Габышев не устанавливает дистанцию между своим авторским голосом и голосом героя, а почти сливает их, хотя повествование идет от третьего лица. При этом вначале Коля (так зовут главного героя) еще не знает языка той среды, в которую он все глубже погружается. Он познает тюремную «этику» («Нехорошее это дело — сидеть на параше»: первый урок) и лагерную «эстетику» (язык). «Эстетику» и ее смысл. Смысл слова «прописка», например. Словарь этот новичок усваивает в камере на собственной шкуре. Так проходят «уроки языка». Итак, прописка.
«Ну что ж, будем морковку вить. Сколько морковок будем ставить?» Морковка — это круто свитое полотенце, которое хлещет почище ремня. «А банок с него десяти хватит». Банок — это значит с привязанной к концу «морковки» алюминиевой кружкой. Бьют так, «чтоб хром лопнул» — «хром» значит кожа.

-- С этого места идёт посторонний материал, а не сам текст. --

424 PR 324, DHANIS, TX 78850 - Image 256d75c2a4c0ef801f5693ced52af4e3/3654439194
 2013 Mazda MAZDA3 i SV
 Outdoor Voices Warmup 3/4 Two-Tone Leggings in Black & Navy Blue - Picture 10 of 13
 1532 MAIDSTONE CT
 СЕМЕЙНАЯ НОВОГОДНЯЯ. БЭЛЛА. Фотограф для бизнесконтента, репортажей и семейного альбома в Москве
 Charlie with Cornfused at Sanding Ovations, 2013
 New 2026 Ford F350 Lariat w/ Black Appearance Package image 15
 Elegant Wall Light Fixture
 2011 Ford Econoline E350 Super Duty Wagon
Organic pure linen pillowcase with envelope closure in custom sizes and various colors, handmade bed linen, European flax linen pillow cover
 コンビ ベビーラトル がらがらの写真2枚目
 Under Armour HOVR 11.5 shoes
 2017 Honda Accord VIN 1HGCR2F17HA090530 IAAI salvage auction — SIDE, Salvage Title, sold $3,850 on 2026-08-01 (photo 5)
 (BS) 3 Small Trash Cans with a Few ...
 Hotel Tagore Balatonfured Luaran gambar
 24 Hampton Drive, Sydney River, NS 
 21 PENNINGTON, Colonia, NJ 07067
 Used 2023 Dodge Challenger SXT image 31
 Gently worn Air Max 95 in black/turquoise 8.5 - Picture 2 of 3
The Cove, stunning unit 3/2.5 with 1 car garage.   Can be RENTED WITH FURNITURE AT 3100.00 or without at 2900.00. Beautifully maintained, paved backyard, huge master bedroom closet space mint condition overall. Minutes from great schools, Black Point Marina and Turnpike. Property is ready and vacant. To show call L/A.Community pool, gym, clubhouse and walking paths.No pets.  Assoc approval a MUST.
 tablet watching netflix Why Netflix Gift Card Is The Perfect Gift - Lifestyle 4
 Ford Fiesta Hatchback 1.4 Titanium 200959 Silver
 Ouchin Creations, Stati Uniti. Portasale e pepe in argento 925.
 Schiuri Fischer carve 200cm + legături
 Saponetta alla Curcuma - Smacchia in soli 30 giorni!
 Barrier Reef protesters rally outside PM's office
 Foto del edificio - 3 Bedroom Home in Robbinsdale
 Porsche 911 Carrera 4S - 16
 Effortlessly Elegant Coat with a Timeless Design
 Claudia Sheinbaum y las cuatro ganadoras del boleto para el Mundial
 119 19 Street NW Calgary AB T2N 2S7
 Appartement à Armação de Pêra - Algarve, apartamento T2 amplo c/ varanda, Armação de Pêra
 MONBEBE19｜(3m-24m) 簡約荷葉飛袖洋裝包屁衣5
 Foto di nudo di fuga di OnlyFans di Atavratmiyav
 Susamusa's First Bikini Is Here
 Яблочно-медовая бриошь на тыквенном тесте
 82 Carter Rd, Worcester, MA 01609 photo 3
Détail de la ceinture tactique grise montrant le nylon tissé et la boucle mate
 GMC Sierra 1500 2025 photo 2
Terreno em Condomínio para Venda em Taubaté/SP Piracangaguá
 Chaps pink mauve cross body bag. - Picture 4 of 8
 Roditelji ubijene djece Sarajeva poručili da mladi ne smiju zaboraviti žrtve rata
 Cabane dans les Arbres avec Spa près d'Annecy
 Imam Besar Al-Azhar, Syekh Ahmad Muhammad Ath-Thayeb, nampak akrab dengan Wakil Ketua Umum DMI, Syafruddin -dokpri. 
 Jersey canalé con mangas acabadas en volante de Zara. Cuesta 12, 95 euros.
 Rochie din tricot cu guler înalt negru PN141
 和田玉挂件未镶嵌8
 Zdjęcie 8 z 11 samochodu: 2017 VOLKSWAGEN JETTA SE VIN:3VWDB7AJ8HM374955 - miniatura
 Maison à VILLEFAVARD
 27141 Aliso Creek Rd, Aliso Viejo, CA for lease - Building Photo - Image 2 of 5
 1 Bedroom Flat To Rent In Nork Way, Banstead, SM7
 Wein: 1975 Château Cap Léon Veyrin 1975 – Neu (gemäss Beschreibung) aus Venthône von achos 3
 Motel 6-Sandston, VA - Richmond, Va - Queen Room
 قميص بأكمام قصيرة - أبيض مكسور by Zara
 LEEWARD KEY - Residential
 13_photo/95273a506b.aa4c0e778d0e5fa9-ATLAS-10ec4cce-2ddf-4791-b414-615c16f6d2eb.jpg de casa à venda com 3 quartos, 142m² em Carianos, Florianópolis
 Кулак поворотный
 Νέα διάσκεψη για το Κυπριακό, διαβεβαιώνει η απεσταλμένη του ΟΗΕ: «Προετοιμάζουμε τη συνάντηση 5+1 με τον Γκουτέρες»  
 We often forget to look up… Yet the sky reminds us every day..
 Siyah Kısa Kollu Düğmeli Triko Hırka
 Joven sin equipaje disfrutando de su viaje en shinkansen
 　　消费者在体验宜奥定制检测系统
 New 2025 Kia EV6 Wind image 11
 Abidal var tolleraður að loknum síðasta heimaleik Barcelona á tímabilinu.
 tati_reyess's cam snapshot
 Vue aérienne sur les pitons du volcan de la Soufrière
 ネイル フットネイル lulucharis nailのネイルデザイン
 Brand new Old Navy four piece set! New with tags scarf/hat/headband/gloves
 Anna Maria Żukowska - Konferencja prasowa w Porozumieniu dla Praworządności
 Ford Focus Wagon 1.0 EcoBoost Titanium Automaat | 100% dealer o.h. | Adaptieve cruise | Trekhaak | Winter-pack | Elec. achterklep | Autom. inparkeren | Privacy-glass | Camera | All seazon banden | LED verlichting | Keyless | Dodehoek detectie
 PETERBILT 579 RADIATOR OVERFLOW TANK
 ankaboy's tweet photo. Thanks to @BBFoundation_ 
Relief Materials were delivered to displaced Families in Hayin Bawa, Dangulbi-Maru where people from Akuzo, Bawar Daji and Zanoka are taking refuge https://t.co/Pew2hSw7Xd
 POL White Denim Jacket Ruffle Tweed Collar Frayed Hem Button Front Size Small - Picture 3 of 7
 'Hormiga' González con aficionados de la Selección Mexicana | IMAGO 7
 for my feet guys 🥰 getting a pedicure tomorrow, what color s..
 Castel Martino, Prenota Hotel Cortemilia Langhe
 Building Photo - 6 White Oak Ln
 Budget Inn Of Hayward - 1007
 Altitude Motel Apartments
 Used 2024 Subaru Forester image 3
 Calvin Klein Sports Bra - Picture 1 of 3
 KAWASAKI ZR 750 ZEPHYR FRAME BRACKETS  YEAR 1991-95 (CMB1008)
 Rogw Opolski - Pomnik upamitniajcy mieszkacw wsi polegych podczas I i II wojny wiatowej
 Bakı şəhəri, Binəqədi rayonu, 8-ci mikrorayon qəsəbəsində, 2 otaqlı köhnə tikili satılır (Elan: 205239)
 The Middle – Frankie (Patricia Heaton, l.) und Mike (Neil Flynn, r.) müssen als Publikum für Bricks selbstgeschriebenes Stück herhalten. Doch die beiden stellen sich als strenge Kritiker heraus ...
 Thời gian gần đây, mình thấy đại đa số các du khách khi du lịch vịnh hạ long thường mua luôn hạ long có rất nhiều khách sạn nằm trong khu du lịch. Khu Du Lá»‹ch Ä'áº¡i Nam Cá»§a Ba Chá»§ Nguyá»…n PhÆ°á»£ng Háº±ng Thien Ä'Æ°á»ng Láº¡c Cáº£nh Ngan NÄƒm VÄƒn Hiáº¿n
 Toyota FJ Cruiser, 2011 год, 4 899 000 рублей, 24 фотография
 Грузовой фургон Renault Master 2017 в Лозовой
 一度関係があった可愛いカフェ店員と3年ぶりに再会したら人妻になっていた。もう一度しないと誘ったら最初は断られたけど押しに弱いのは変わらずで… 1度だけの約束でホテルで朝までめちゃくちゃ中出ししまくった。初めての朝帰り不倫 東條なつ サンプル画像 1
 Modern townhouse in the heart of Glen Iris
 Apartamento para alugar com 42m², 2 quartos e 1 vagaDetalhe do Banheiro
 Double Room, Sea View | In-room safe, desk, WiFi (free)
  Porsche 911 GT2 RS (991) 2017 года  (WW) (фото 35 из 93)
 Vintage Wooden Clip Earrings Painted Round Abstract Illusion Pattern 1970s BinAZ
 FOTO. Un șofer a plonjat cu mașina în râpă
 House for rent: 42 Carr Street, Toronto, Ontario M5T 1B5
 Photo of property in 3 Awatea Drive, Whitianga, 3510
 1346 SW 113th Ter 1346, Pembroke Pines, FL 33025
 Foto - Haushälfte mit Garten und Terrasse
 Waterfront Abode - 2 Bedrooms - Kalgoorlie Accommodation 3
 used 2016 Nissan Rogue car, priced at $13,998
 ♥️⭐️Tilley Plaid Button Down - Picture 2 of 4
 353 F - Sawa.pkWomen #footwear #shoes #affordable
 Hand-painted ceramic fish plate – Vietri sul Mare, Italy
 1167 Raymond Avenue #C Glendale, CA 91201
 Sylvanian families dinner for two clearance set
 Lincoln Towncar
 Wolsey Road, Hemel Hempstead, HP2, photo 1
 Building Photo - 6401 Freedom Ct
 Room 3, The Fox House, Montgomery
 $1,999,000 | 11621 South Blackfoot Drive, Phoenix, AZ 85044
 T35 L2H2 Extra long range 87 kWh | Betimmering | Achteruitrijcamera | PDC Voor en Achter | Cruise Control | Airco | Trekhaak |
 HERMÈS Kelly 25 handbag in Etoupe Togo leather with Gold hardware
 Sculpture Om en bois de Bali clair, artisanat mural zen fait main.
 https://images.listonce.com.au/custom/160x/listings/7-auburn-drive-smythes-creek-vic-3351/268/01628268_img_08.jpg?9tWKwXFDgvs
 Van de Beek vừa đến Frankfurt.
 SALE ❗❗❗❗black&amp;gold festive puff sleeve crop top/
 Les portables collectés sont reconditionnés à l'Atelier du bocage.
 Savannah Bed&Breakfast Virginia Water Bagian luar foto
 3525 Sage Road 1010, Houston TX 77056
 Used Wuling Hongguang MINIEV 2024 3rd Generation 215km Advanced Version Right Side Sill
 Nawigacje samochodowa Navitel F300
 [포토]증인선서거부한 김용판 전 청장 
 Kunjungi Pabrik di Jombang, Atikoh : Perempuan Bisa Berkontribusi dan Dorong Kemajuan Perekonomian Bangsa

Далее издевательства «прописки» в камере обозначаются как «кырочки, тромбоны и игры».
Крестьянский внук Коля Петров, по мелкому делу попавший в изолятор, постепенно проходит в «Одляне» все круги камерного и внекамерного ада и постепенно превращается в совсем другое существо. Состав его личности, да и имя его меняются: он уже не Коля Петров и даже не Камбала (первоначальная кличка), а опытнейший Хитрый Глаз, сам сладострастно устраивающий «прописку» новичкам. Отупевший от беспроглядного существования, Хитрый Глаз бежит из новой колонии, чтобы попасть в ту, первую, как ему кажется, менее бесчеловечную, — Одлян… воздух свободы…
В. Астафьев в интервью спрашивает: почему у нас между людьми сегодня так распространилась жестокость, даже озверение? В том числе — и выраженные в языке? И сам делает такое горькое наблюдение: «Когда через тюрьмы, лагеря пропущены десятки миллионов людей… то они (эти годы и беды. — Н. И.) нам принесли… оскудение языка, разума. На нас уже не производят удручающего впечатления слова "смерть", "убийство", "растление детей". Выслушал, ахнул и шел дальше, тут же все забыл».